For my vector calculus course, I need to solve this limit: $$\lim_{(x,y)\rightarrow (0,0)} \frac{1-\cos(x^2y)}{x^6+y^4}$$
By replacing (x,y) by (0,0), I noticed that the limit was of the form $\frac{0}{0}$ and decided to Taylor expand the numerator which gave me this inequality: $$\left | 1-\cos(x^2y) \right |\leq\frac{x^4y^2}{2}$$
Then I rewrote my limit using the inequality I just found: $$\left | \frac{1-\cos(x^2y)}{x^6+y^4} \right |\leq \frac{x^4y^2}{2(x^6+y^4)}\leq \frac{x^4y^2}{x^6+y^4}$$
Seeing that I was stuck, I decided to rewrite my expression in polar coordinates: $$\left | \frac{1-\cos(x^2y)}{x^6+y^4} \right |\leq\frac{(r\cos(\theta))^4(r\sin(\theta))^2}{(r\cos(\theta))^6+(r\sin(\theta))^4}$$
By making some simplifications, I get: $$\frac{(r\cos(\theta))^4(r\sin(\theta))^2}{(r\cos(\theta))^6+(r\sin(\theta))^4}=\frac{r^2\cos^4(\theta)\sin^2(\theta)}{r^2\cos^6(\theta)+\sin^4(\theta)}$$
And when I take the limit of my new expression when r tends to 0, I get: $$\lim_{r\to 0} \frac{r^2\cos^4(\theta)\sin^2(\theta)}{r^2\cos^6(\theta)+\sin^4(\theta)} = \frac{0}{\sin^4(\theta)}=0$$ unless $\theta=k\pi$ where $k \epsilon \mathbb{Z}$
First, I wanted to know if my proof was correct and if it is not, where was my mistake. Second, I wanted to know if there was a proof without the condition that $\theta=k\pi$.
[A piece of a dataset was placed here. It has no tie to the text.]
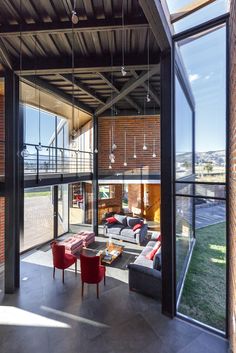 an open living room and dining area with glass walls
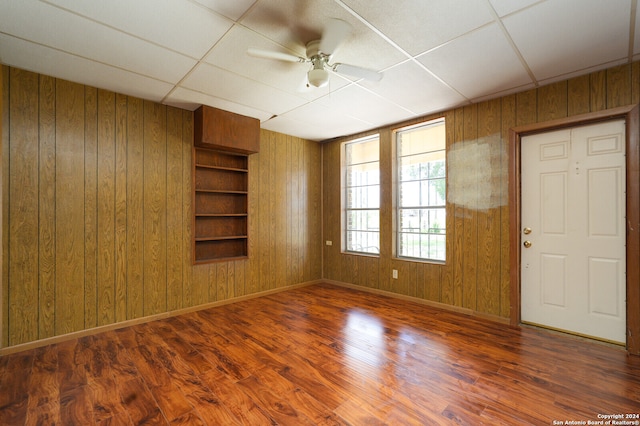 spare room featuring wooden walls, a drop ceiling, and hardwood / wood-style floors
Thank you in advance for your answers,
IsaacM
One possible variant to do is, that knowing $1-\cos \alpha=2\sin^2 \frac{\alpha}{2}$ we have $$\frac{1-\cos(x^2y)}{x^6+y^4} = \frac{2\sin^2 \frac{x^2y}{2}}{x^6+y^4}$$ So we can consider $$\frac{x^4y^2}{x^6+y^4} \leqslant \frac{x^4y^2}{2|x|^3y^2}=\frac{1}{2}x\cdot\text{sign}(x)\to 0$$